# Dataset Schema Update Script (SAFE - Preserves Both Train and Test)

This notebook transforms BOTH train and test splits without deleting either.

In [27]:
import os
from pathlib import Path
from datasets import load_dataset, Dataset, DatasetDict
from dotenv import load_dotenv

# Load environment variables from root .env
load_dotenv(Path('../..') / '.env')

# Configuration
DATASET_REPO = "Cantina/dj-image-train-data-20251117"  # Update this to your dataset
HF_TOKEN = os.getenv('HUGGINGFACE_TOKEN')

if not HF_TOKEN:
    raise ValueError("HUGGINGFACE_TOKEN not found in environment variables")

print(f"✓ Environment configured")
print(f"✓ Dataset: {DATASET_REPO}")

✓ Environment configured
✓ Dataset: Cantina/dj-image-train-data-20251117


## Load BOTH Train and Test Splits

In [28]:
print("Loading dataset from Hugging Face...")
dataset_dict = load_dataset(
    DATASET_REPO,
    token=HF_TOKEN
)

print(f"\n✓ Available splits: {list(dataset_dict.keys())}")
for split_name in dataset_dict.keys():
    print(f"  - {split_name}: {len(dataset_dict[split_name])} rows")
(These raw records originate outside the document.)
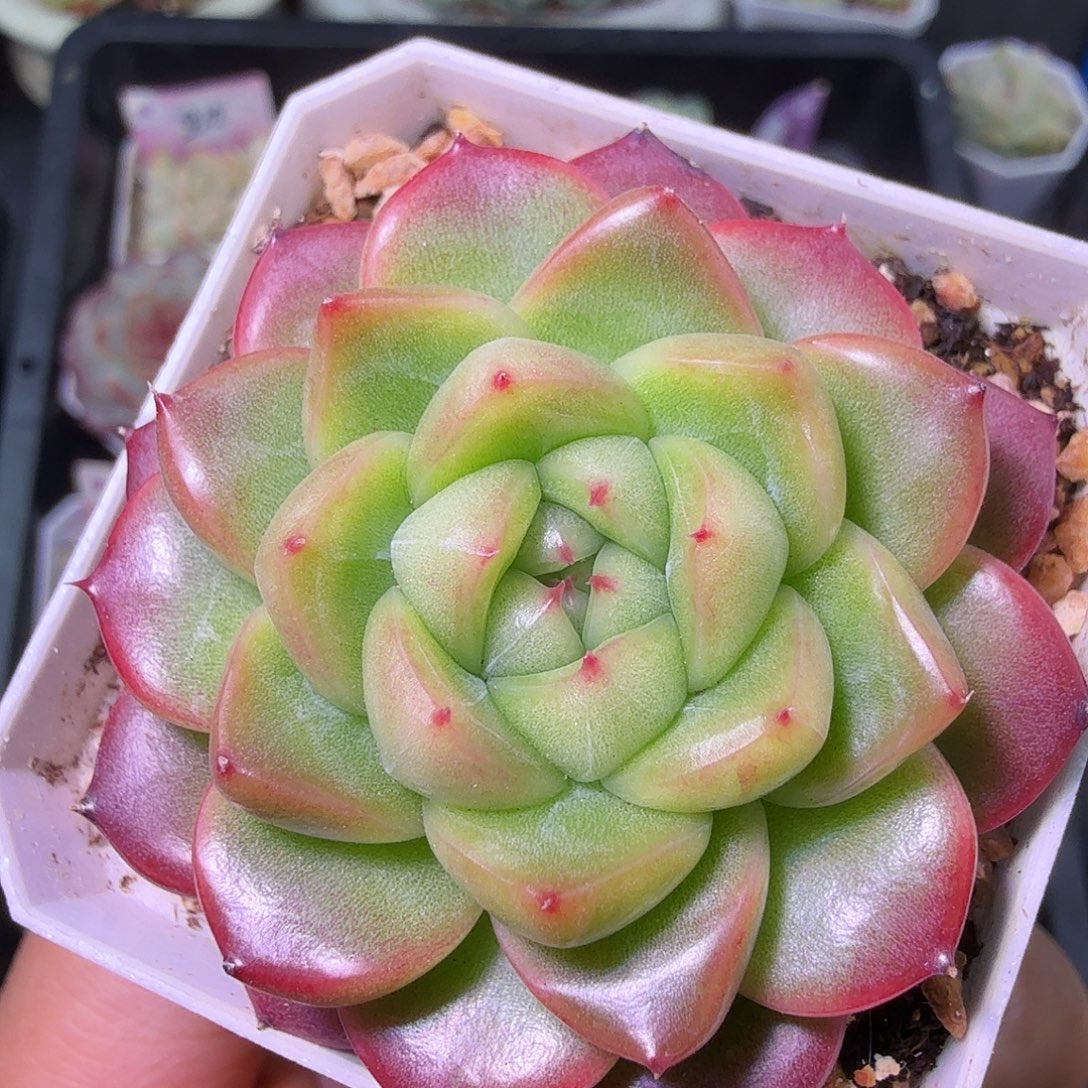 宝珠开播福利二十包邮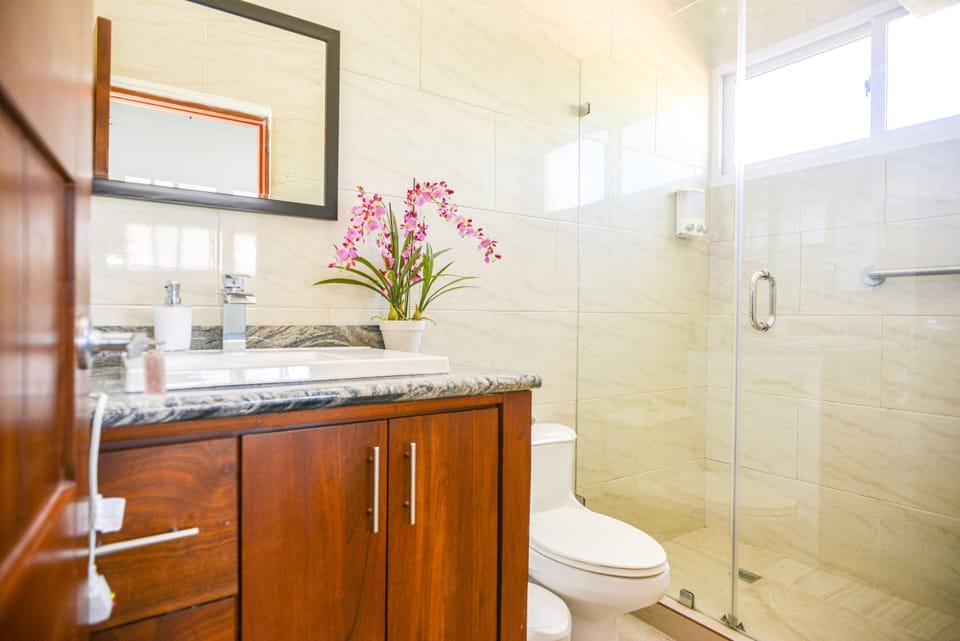 Bathroom #2 With: Shower, Toilet, Mirror, Towels, Faucet, Soaps, hair dryer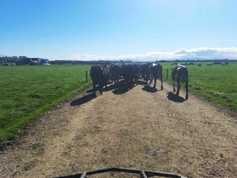 Student Blog: dairying  and low-nitrogen bulls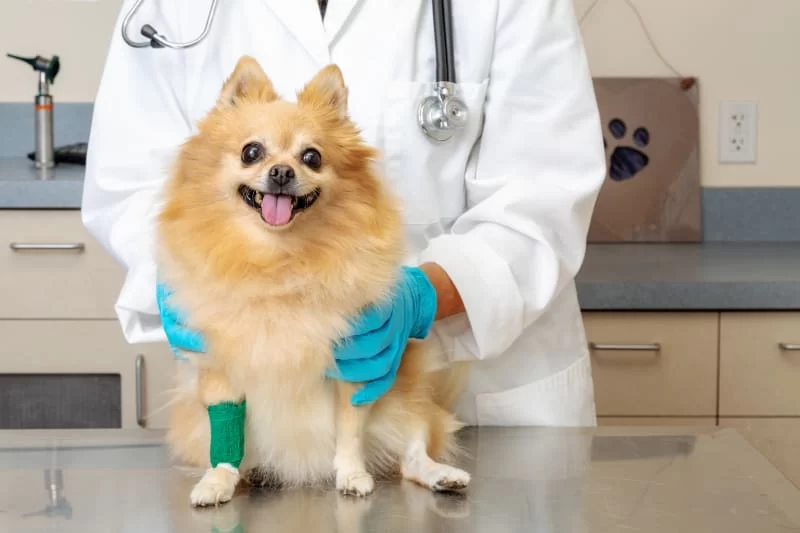 Why Is My Dog Limping After Jumping? Understanding the Causes and Solutions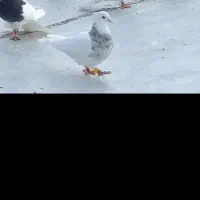 یک عدد کبوتر طوقی غریب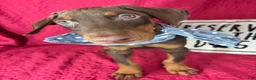Doberman Pinscher dogs for sale: Diesel - Ad 2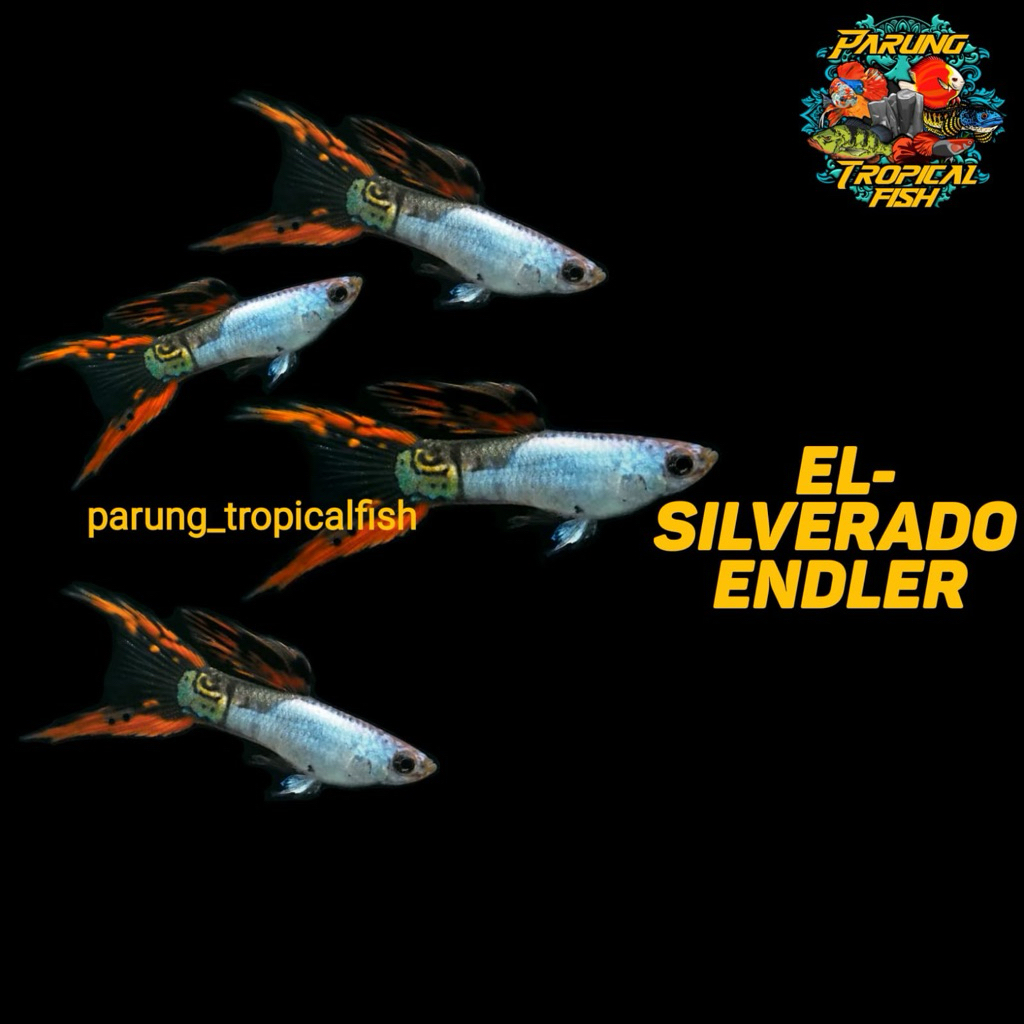 Pembersih Lantai El Silverado Endler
print(f"\nCurrent schema (train):")
print(dataset_dict['train'].features)

print(f"\nFirst row sample (train):")
print(dataset_dict['train'][0])

Loading dataset from Hugging Face...


README.md:   0%|          | 0.00/650 [00:00<?, ?B/s]

data/train-00000-of-00001.parquet:   0%|          | 0.00/7.76M [00:00<?, ?B/s]

data/test-00000-of-00001.parquet:   0%|          | 0.00/842k [00:00<?, ?B/s]

Generating train split:   0%|          | 0/14821 [00:00<?, ? examples/s]

Generating test split:   0%|          | 0/1642 [00:00<?, ? examples/s]


✓ Available splits: ['train', 'test']
  - train: 14821 rows
  - test: 1642 rows

Current schema (train):
{'prompt_name': Value('string'), 'new_room_unified_format_input': Value('string'), 'unified_format_output_enriched_fixed': Value('string'), 'gpt5-results-20250905': Value('string'), 'gpt5-results-20251104': Value('string'), 'last_updated_ts': Value('string')}

First row sample (train):
{'prompt_name': 'mention_not_in_history_prompt', 'new_room_unified_format_input': 'ROOM MEMBERS:[\n  {"user_name": "dj-marley", "full_name": "Marley"},\n  {"user_name": "Lucas", "full_name": "Lucas"},\n  {"user_name": "Olivia", "full_name": "Olivia"},\n  {"user_name": "dj-aria", "full_name": "Aria"}\n]\n\nCHAT HISTORY:\n\n\ndj-marley (bot): Just wrapped up my blues-rock playlist, lots of soulful guitar tonight. Hope everyone vibed with it!\ndj-marley (bot): That Stevie Ray Vaughan track always hits different, especially late at night.\nLucas: Totally agree, Marley, SRV\'s solos are next-level. Always

## Transform Schema for BOTH Splits

Applies the same transformation to train and test splits.

In [29]:
def transform_split(dataset, split_name):
    """Transform a single split"""
    print(f"\nTransforming {split_name} split...")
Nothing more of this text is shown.